What is required
In your copy, reproduce the entries exactly as they are, minus the images.

Input records Block Start

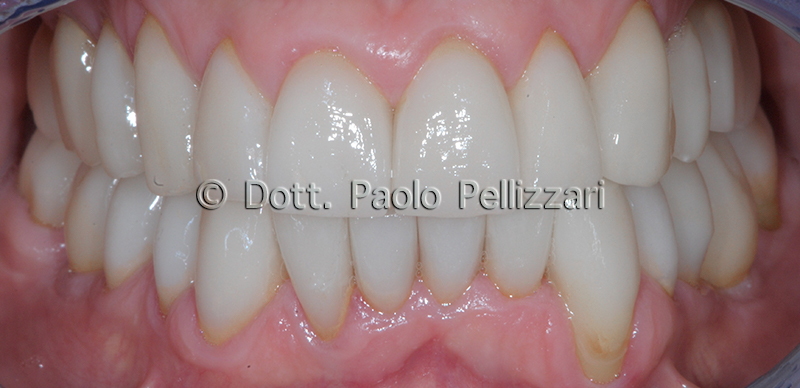 Riabilitazioni dentali totali VERONA caso 3 dopo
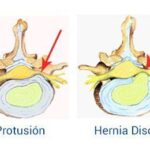 Diferencias legales entre hernia y protrusión: ¿cuál es más compleja?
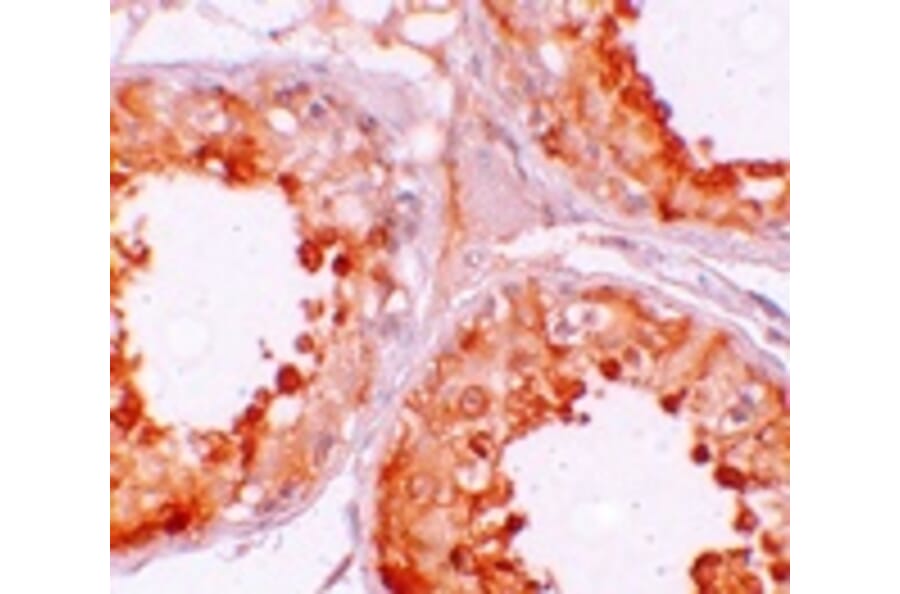 Immunohistochemistry - YBX2 Antibody from Signalway Antibody (25171) - Antibodies.com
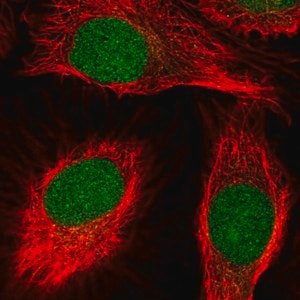 Merck Anti-SCNM1 antibody produced in rabbit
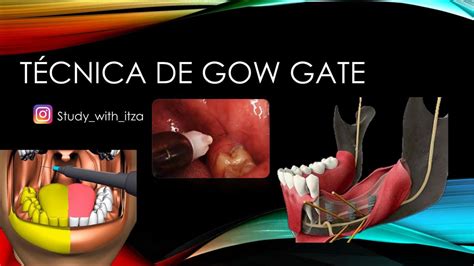 Técnica de Gow Gate | Studywithitza | uDocz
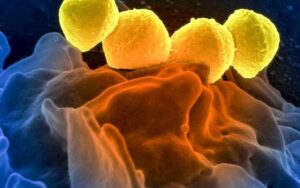 Japão vê aumento de casos de infecção por bactéria mortal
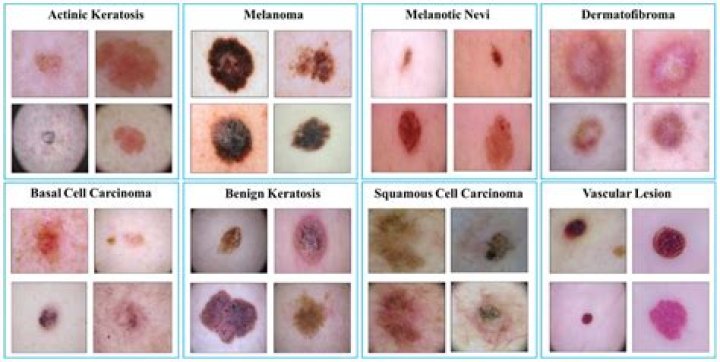 Is Melanoma different from sarcoma?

Input records Block End

Solution
 Riabilitazioni dentali totali VERONA caso 3 dopo
 Diferencias legales entre hernia y protrusión: ¿cuál es más compleja?
 Immunohistochemistry - YBX2 Antibody from Signalway Antibody (25171) - Antibodies.com
 Merck Anti-SCNM1 antibody produced in rabbit
 Técnica de Gow Gate | Studywithitza | uDocz
 Japão vê aumento de casos de infecção por bactéria mortal
 Is Melanoma different from sarcoma?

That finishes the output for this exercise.